This document outlines the system architecture, technical decisions, and maintenance procedures for the Drawboard Master ↔ Restricted Database Sync system.
Project Context
Key Requirements:
- Master database visible only to Alistair
- Each restricted user gets their own separate database
- Restricted users see only their own records (filtered by "Person Responsible" or similar property)
- Changes in Restricted databases sync to Master
- Optionally: Changes in Master sync down to relevant Restricted databases (bi-directional)
- Some properties sync (e.g., "Contractor Notes"), others stay local (e.g., "Internal Notes")
Client Setup:
- Alistair has created Make.com account
- Make invite sent to [email protected]
- Flexible schema during build phase; locked once live
Scaling Strategy (Dynamic Database Search)
We have moved away from hardcoded routers for each user. The system now uses a Dynamic Search strategy.
- Logic: The Make scenario reads the
Person Responsible name (e.g., "Mitchell") and searches for a Notion Database named Restricted - name.

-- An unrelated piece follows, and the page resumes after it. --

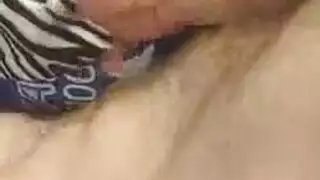 شرجي زوجان مقرف عميق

- Benefit: Zero-touch scaling. To add a new user, the client simply duplicates the Restricted Template, renames it
Restricted - {Name}, and adds the name to the Person Responsible property options. No Make scenario edits are required.
Technical Decisions
- Sync architecture:
- Using completely separate Notion databases (not views) to enforce true data isolation
- Make.com as the bridge between Master and Restricted databases
- Native Notion automations trigger Make webhooks (avoids polling, reduces Make operations)
- Concurrency control:
- Enable "Sequential processing" in Make.com scenario settings.
- Ensures each run finishes completely before the next starts (FIFO queue).
- Critical for preventing race conditions and ensuring atomic updates, preventing rapid-fire edits from overlapping.